# Task brief
Of the lines in the data below, count the ones holding the string "Silver", and answer with that number only.

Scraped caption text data

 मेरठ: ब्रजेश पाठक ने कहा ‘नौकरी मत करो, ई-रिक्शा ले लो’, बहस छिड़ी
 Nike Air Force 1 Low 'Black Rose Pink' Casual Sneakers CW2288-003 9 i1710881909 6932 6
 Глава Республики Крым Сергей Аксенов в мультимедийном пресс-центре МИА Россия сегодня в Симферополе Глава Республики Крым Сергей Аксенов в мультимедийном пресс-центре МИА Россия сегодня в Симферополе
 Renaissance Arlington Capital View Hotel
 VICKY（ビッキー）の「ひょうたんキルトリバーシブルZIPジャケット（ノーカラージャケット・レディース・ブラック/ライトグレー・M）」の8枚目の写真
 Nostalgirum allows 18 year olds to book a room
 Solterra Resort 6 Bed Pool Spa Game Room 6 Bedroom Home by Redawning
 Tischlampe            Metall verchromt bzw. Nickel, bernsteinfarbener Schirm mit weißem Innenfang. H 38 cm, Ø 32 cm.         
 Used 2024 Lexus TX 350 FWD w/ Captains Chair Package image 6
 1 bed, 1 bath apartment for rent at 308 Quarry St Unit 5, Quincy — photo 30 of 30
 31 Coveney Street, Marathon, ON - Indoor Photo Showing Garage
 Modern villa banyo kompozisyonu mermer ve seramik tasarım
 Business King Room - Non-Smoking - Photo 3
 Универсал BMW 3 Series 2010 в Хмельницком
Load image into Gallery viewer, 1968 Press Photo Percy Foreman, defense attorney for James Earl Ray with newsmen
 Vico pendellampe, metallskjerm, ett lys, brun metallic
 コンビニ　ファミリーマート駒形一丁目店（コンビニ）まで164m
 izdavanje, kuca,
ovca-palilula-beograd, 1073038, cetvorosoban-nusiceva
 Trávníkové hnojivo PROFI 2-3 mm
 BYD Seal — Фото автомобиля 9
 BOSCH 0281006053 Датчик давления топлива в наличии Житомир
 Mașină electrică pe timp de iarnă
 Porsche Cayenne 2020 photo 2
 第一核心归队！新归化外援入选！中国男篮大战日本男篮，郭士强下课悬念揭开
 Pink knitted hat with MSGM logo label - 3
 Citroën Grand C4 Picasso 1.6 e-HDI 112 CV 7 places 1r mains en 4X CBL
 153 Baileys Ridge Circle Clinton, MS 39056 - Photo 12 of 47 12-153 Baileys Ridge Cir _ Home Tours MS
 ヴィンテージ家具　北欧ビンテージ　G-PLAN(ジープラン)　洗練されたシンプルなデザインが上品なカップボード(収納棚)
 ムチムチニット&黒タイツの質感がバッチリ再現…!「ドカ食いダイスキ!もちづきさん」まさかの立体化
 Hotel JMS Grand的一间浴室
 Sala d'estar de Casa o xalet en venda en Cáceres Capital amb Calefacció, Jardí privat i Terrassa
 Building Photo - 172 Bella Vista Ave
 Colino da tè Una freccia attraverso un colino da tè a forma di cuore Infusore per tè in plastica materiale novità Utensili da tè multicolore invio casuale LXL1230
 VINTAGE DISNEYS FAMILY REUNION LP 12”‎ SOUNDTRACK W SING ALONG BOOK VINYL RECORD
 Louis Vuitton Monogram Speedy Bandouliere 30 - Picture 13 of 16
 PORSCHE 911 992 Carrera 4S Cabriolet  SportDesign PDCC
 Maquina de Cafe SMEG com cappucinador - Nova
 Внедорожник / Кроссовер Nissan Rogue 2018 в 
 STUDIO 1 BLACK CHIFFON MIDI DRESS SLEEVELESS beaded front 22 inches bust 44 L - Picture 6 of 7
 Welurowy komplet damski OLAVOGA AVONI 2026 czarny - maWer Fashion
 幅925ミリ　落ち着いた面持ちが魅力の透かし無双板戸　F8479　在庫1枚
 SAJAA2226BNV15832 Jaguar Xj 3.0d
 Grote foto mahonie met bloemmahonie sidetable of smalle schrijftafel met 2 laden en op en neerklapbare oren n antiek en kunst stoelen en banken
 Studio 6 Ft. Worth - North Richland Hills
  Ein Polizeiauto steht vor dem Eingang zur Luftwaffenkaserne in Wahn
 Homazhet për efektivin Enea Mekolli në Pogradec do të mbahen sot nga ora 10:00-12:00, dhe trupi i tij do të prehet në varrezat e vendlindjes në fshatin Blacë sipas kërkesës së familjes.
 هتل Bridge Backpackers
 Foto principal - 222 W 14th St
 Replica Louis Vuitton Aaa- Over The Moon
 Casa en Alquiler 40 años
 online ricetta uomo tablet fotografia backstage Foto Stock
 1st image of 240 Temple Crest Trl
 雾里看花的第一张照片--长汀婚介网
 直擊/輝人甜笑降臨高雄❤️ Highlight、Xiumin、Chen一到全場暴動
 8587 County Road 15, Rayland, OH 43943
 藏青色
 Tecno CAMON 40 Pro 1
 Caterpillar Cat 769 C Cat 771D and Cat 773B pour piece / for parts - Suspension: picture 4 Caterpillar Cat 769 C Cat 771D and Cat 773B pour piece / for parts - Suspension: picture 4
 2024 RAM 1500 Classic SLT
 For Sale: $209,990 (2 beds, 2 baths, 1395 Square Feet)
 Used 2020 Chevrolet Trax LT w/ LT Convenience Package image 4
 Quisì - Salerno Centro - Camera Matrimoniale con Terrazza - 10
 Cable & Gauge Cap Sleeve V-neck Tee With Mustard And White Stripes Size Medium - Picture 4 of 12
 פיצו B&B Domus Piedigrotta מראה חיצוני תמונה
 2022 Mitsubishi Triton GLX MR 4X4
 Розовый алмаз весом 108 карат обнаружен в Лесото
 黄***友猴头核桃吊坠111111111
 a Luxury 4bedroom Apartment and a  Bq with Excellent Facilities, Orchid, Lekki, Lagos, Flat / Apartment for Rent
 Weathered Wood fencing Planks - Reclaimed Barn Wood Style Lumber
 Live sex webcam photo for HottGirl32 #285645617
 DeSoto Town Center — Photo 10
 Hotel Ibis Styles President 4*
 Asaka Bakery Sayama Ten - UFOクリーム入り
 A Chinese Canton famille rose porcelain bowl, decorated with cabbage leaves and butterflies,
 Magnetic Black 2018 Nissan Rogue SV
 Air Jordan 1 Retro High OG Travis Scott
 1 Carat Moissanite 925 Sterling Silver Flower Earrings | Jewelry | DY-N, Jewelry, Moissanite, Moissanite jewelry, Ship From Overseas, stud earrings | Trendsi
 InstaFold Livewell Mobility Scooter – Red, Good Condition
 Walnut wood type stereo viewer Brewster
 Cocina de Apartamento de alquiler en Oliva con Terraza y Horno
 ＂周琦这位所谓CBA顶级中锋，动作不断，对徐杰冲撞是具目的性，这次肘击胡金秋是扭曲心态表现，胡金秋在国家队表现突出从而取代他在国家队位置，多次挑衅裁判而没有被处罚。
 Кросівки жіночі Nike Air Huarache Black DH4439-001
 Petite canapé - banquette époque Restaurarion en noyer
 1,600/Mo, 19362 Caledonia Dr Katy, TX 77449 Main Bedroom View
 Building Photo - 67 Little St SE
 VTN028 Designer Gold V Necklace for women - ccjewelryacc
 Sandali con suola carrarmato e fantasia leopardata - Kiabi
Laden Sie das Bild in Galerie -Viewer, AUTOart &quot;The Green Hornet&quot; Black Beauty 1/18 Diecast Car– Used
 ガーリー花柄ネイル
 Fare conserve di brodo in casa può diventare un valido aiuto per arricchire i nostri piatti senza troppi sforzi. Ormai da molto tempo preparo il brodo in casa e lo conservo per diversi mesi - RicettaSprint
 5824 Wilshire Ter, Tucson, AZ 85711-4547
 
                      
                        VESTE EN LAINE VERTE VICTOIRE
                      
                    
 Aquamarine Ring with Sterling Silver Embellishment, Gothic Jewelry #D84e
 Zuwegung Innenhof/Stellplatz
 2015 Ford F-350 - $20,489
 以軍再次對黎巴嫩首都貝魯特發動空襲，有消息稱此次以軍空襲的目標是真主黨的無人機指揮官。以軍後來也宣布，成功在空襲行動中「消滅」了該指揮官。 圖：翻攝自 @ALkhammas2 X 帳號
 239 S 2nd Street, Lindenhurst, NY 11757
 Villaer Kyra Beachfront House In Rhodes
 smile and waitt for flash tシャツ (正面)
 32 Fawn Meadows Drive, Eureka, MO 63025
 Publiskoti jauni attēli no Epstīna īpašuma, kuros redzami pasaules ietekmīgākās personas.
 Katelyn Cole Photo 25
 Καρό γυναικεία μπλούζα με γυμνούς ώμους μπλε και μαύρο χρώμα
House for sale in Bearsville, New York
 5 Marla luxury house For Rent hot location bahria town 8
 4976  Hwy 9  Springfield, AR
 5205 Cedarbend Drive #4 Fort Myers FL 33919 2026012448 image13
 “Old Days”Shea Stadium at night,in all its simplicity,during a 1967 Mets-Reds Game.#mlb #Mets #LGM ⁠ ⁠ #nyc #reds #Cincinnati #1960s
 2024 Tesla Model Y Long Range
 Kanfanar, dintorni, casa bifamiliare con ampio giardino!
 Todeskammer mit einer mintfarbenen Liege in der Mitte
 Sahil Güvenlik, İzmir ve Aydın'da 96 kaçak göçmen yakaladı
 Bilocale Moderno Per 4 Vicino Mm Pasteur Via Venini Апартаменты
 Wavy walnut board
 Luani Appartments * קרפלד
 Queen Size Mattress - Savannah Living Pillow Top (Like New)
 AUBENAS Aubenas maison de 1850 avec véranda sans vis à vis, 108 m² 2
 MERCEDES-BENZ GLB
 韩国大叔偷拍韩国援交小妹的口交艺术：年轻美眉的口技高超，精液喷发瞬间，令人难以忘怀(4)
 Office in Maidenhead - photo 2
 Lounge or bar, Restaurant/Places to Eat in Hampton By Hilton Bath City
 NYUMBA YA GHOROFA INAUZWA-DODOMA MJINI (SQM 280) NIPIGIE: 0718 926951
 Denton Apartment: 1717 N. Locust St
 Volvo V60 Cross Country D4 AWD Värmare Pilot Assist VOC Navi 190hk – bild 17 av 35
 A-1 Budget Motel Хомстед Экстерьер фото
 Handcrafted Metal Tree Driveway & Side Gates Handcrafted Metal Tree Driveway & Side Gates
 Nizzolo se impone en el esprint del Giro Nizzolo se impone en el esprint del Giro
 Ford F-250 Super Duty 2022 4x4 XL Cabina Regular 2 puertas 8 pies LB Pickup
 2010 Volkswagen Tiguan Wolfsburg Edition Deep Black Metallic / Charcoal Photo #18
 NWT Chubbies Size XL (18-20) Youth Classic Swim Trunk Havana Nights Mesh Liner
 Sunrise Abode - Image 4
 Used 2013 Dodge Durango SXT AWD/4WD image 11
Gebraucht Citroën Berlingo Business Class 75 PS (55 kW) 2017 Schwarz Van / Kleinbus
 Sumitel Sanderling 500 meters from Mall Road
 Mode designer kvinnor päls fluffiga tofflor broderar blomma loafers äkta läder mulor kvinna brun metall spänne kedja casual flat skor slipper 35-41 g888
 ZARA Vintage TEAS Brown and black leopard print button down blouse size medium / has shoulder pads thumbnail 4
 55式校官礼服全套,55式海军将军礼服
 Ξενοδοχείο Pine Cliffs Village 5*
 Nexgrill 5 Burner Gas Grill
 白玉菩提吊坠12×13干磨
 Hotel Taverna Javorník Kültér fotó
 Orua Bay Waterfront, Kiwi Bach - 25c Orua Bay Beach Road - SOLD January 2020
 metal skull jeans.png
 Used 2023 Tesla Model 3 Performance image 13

# Result
2